Two years after going on sale in the United States, Google has put its Glass smart eyewear on sale in the UK. British buyers will need £1,000 in their pockets and a UK mailing address to make an order, along with a desire not only to be noticed on the street, but also to be a potential target for a good tasering, and random acts of hatred.
Apparently, the UK version will come with the ability to recognize a British accent, and with a variety of country specific apps, including a breaking news app from The Guardian, plus Glass versions of Star Chart, Shazam, and goal.com. Interestingly, Google will also open a “Basecamp” fitting center for Glass in London’s Kings Cross, although it’s not clear whether Glass can actually be purchased and collected in store.
If it wasn’t expensive enough already, Google has increased the price of Glass in the UK. Buyers in the U.S. pay $1,500 for the privilege of being a beta-tester, while the UK’s £1,500 price converts over to $1,700 at today’s currency rates. This could see eager early adopters continue to favor eBay, where prices remain similar to the standard American cost.
Now Glass has come to the UK, expect a new wave of objections and legislation related to the specs, as the country comes to terms with Google’s controversial wearable device. Drivers may want to be careful, as Glass could quickly suffer the same ban as mobile phones, while bars, restaurants, and cinemas could also decide to turn away patrons wearing Glass over privacy concerns.

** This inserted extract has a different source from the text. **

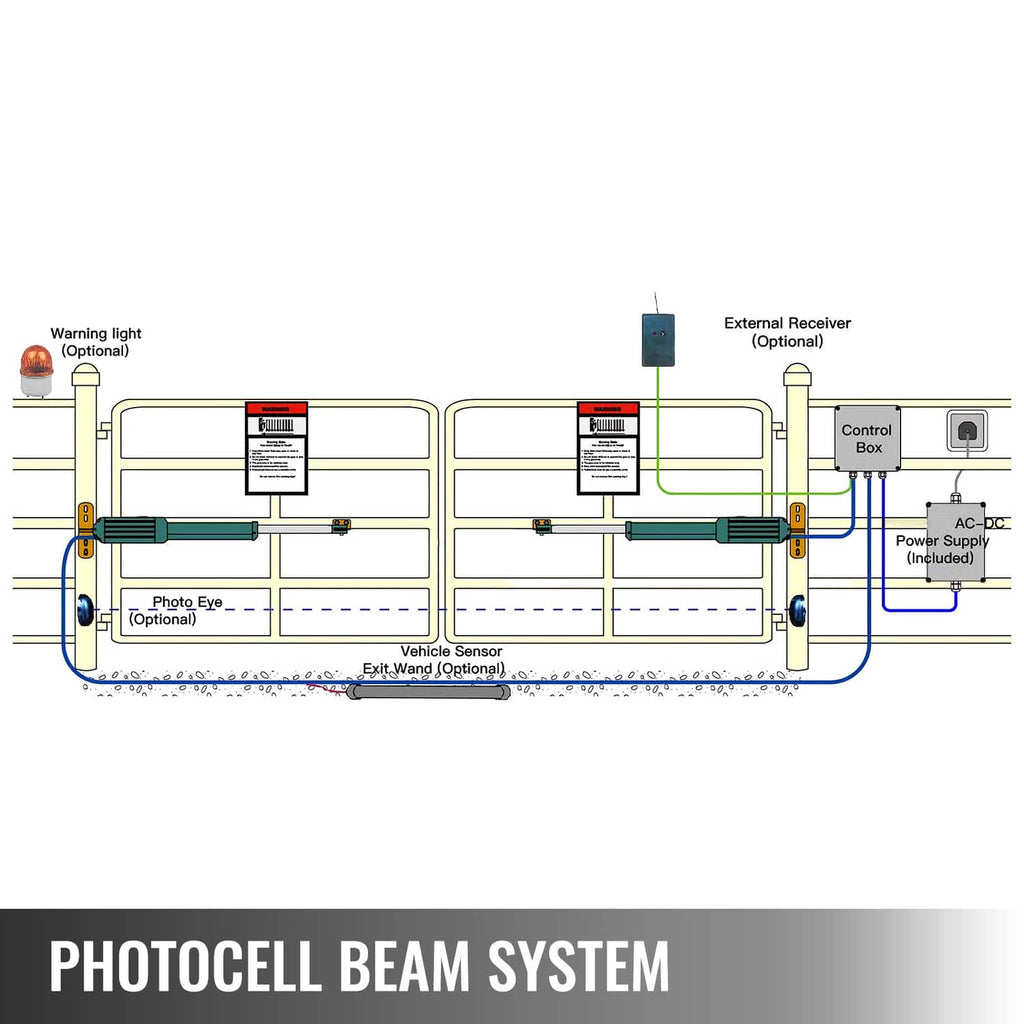 Automatic gate opener wiring diagram for photocell beam system and control box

The UK has become only the second country where Glass is available to buy, leaving more questions as to when they’ll eventual get a wider, public release. In a recent interview, Google’s Sergey Brin indicated it may not happen until the end of this year at the earliest, despite considerable expectation we’d be hearing more during Google I/O. A general release, in the UK at least, now seems unlikely in the near future.